DATA TO USE:
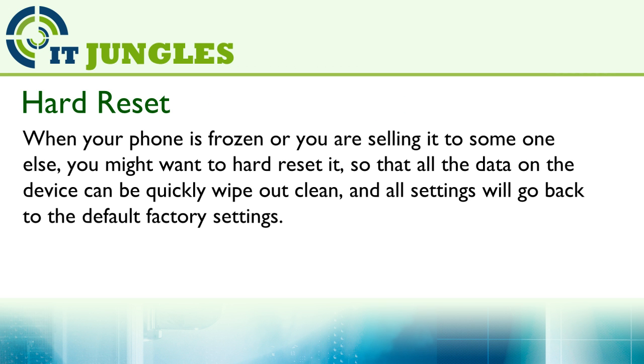When your phone is frozen or you are sending it to someone else, you might want to hard reset it so that all the data on the device can be quickly wiped out clean. In our settings, we will go back to the default factory settings.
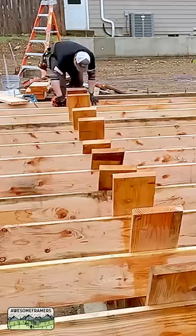Let's block some floor joists, shall we? 2x10s, 24 on center, directly stacked over the studs on the pony wall.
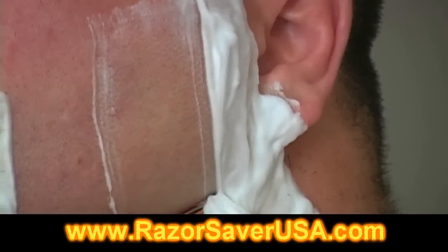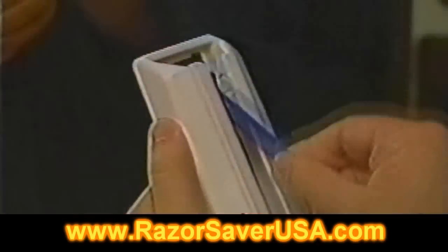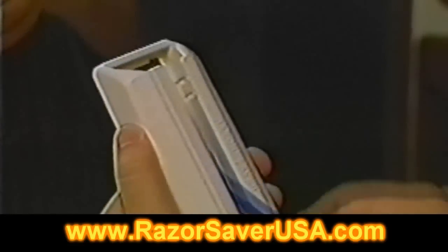The Razor Saver keeps your blades razor sharp and works with all single or multi-edge razors. Simple and easy to use, the Razor Saver can save you hundreds in replacement blades.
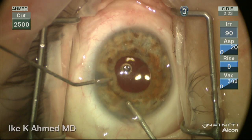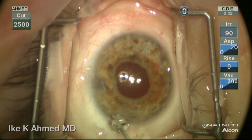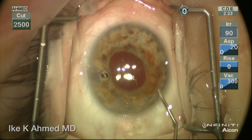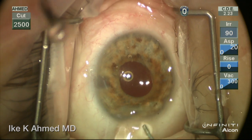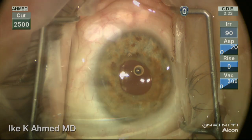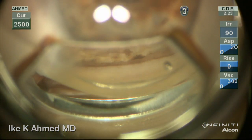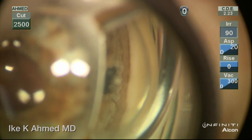This now creates a unicameral cavity, preventing the potential for malignant glaucoma from reforming. We reform the anterior chamber, remove the viscoelastic manually at the end of the case, and ensure a well-formed closed system with a pressurized anterior chamber at the conclusion of the case. On gonioscopic examination, the angle has now opened up nicely after the lens has been removed.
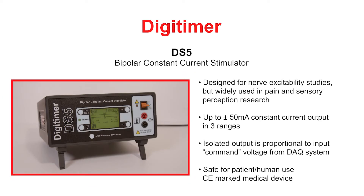The Digitimer DS5 isolated bipolar stimulator is capable of delivering transcutaneous electrical stimuli to human subjects in a variety of research and clinical applications, including measurements of nerve excitability, pain research, and sensory perception testing.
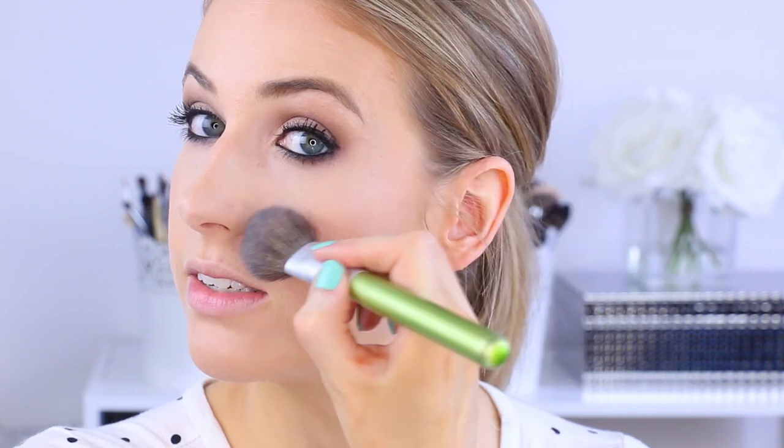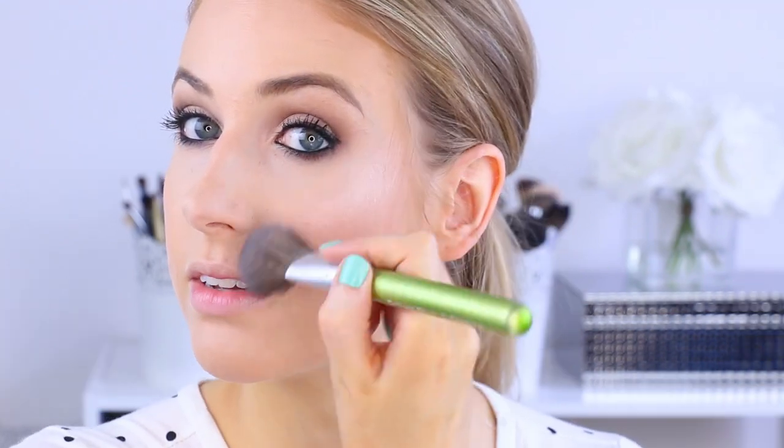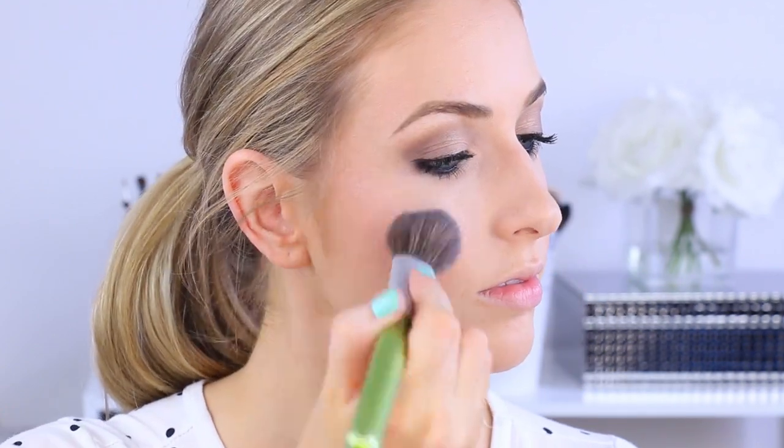Last but not least, highlighter. One of my favorites right now is the Ofra You Glow Girl Highlighter — it is so beautiful. It's a very frosty shell pink, more on the cooler tones. I actually use it on the inner corner and sometimes on the lid. It is a very strong highlight, so if you don't like that look this one isn't for you — but I love a strong highlight. I'm dusting it on top of the cheekbones and up along the temple, just a little bit. You can also apply a little to the Cupid's bow or down the bridge of the nose — but it is very frosty, just warning you. Look at that glow — love it.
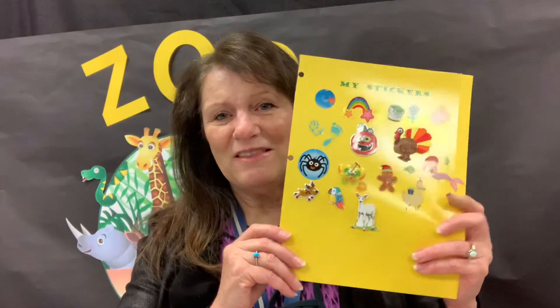Then they're going to do their sticker page, so have them find their animal and put it on their sticker page. And they're going to have a fun book in their packet having to do with animals and zoos, so we'll let you find that and read that together. Have a great day and call me if you have any questions. Thanks, bye!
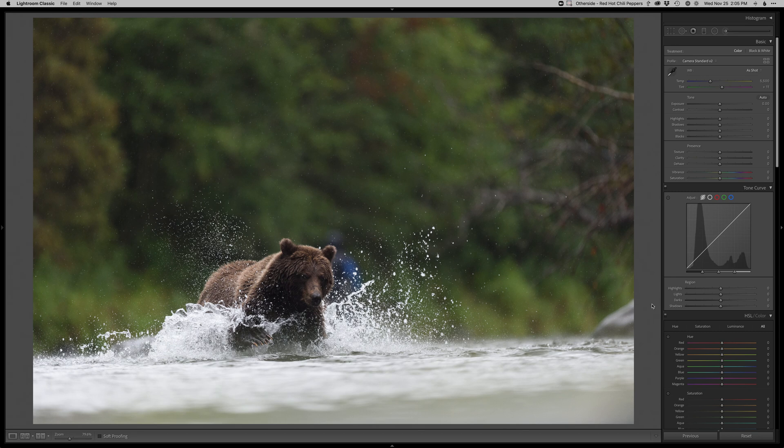Hey, what's up everyone? Thanks so much for joining me on another real-time edit. Today I'm going to do something a little different for me, going into a mammal photo. Here's a brown bear from my recent — well, not so recent anymore — visit to Alaska with the amazing Jamin Taylor. He was such a great person to hang out with, a great friend of mine who just put me on so many good things. My first time ever seeing and photographing these bears, which was pretty damn cool.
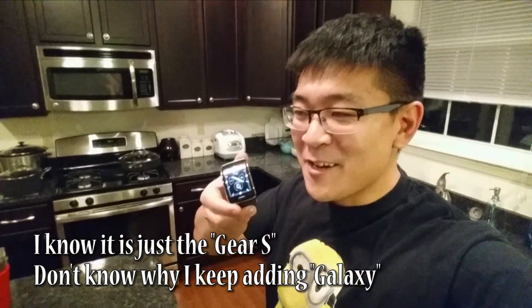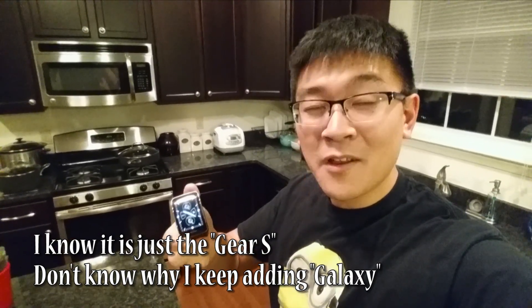Hello YouTube, Wanger375 here again for LPX Reviews. I'm just taking a quick break from editing the one-week review of the Samsung Galaxy Gear S. It's taking me a little bit longer than I hoped, but I thought I'd address the main question I've been getting — from some of you sending me private messages and also through my Facebook page.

TASK TO CARRY OUT:
Please repeat each record above precisely, with the pictures left out.

TASK RESULT:
When your phone is frozen or you are sending it to someone else, you might want to hard reset it so that all the data on the device can be quickly wiped out clean. In our settings, we will go back to the default factory settings.
Let's block some floor joists, shall we? 2x10s, 24 on center, directly stacked over the studs on the pony wall.
The Razor Saver keeps your blades razor sharp and works with all single or multi-edge razors. Simple and easy to use, the Razor Saver can save you hundreds in replacement blades.
This now creates a unicameral cavity, preventing the potential for malignant glaucoma from reforming. We reform the anterior chamber, remove the viscoelastic manually at the end of the case, and ensure a well-formed closed system with a pressurized anterior chamber at the conclusion of the case. On gonioscopic examination, the angle has now opened up nicely after the lens has been removed.
The Digitimer DS5 isolated bipolar stimulator is capable of delivering transcutaneous electrical stimuli to human subjects in a variety of research and clinical applications, including measurements of nerve excitability, pain research, and sensory perception testing.
Last but not least, highlighter. One of my favorites right now is the Ofra You Glow Girl Highlighter — it is so beautiful. It's a very frosty shell pink, more on the cooler tones. I actually use it on the inner corner and sometimes on the lid. It is a very strong highlight, so if you don't like that look this one isn't for you — but I love a strong highlight. I'm dusting it on top of the cheekbones and up along the temple, just a little bit. You can also apply a little to the Cupid's bow or down the bridge of the nose — but it is very frosty, just warning you. Look at that glow — love it.
Then they're going to do their sticker page, so have them find their animal and put it on their sticker page. And they're going to have a fun book in their packet having to do with animals and zoos, so we'll let you find that and read that together. Have a great day and call me if you have any questions. Thanks, bye!
Hey, what's up everyone? Thanks so much for joining me on another real-time edit. Today I'm going to do something a little different for me, going into a mammal photo. Here's a brown bear from my recent — well, not so recent anymore — visit to Alaska with the amazing Jamin Taylor. He was such a great person to hang out with, a great friend of mine who just put me on so many good things. My first time ever seeing and photographing these bears, which was pretty damn cool.
Hello YouTube, Wanger375 here again for LPX Reviews. I'm just taking a quick break from editing the one-week review of the Samsung Galaxy Gear S. It's taking me a little bit longer than I hoped, but I thought I'd address the main question I've been getting — from some of you sending me private messages and also through my Facebook page.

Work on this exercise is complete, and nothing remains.